■ **Task to complete**
In your copy of the data, include no pictures and alter nothing else.

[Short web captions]
-- Opening Marker --

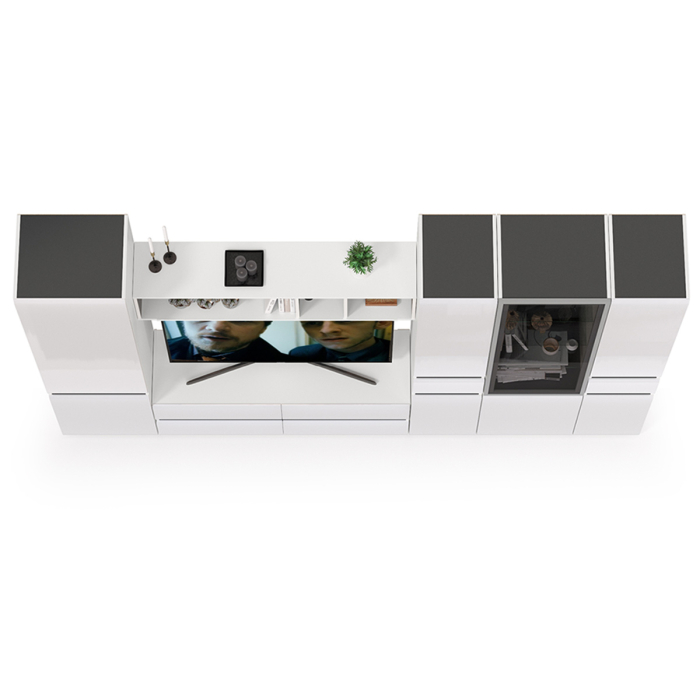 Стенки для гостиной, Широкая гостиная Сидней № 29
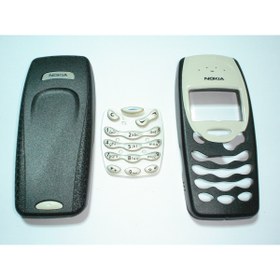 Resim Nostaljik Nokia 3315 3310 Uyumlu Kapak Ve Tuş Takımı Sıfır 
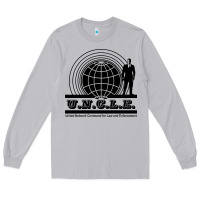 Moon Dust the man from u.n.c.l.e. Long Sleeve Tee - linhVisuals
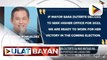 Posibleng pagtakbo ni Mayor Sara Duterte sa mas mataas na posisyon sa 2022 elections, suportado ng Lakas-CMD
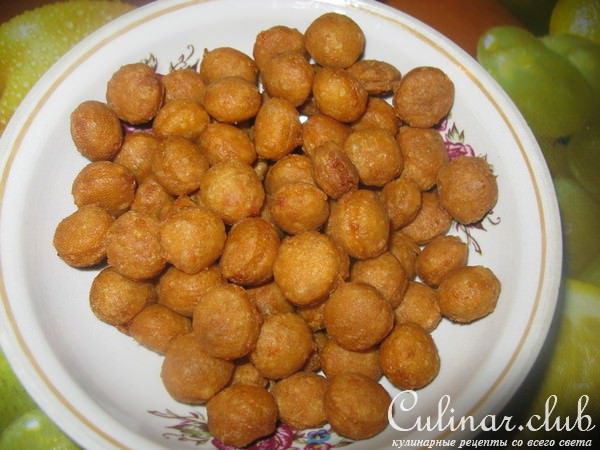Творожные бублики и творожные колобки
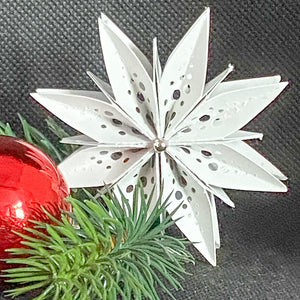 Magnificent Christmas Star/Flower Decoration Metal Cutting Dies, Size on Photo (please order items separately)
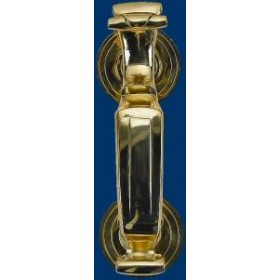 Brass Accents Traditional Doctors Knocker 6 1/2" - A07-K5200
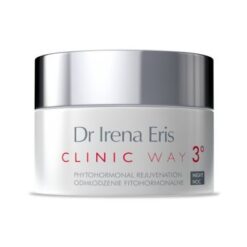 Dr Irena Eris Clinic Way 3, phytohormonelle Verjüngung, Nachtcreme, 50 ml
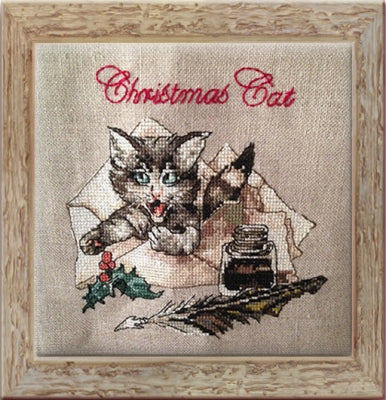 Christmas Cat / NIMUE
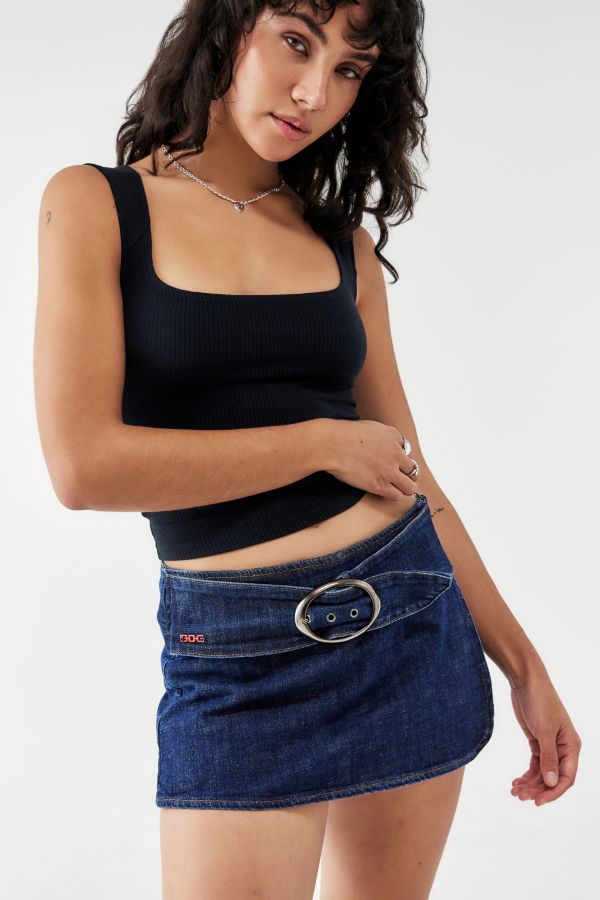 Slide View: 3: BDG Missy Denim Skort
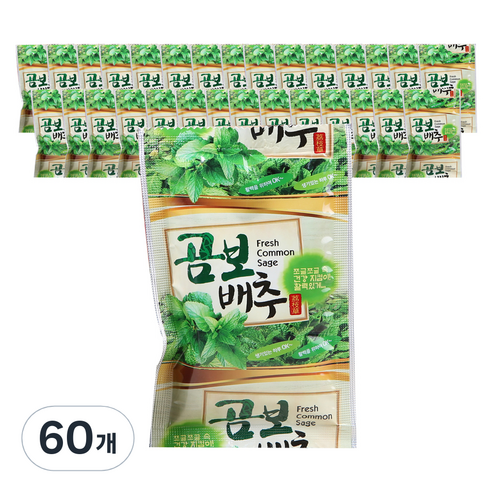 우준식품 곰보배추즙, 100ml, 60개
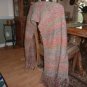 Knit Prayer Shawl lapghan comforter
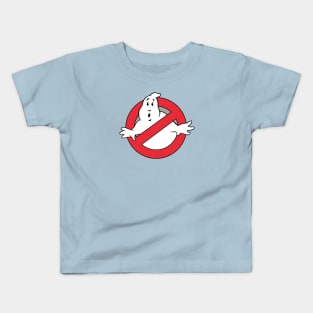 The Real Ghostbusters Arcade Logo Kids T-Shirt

-- Closing Marker --

■ **Finished exercise**
 Стенки для гостиной, Широкая гостиная Сидней № 29
 Resim Nostaljik Nokia 3315 3310 Uyumlu Kapak Ve Tuş Takımı Sıfır 
 Moon Dust the man from u.n.c.l.e. Long Sleeve Tee - linhVisuals
 Posibleng pagtakbo ni Mayor Sara Duterte sa mas mataas na posisyon sa 2022 elections, suportado ng Lakas-CMD
Творожные бублики и творожные колобки
 Magnificent Christmas Star/Flower Decoration Metal Cutting Dies, Size on Photo (please order items separately)
 Brass Accents Traditional Doctors Knocker 6 1/2" - A07-K5200
 Dr Irena Eris Clinic Way 3, phytohormonelle Verjüngung, Nachtcreme, 50 ml
 Christmas Cat / NIMUE
 Slide View: 3: BDG Missy Denim Skort
 우준식품 곰보배추즙, 100ml, 60개
 Knit Prayer Shawl lapghan comforter
 The Real Ghostbusters Arcade Logo Kids T-Shirt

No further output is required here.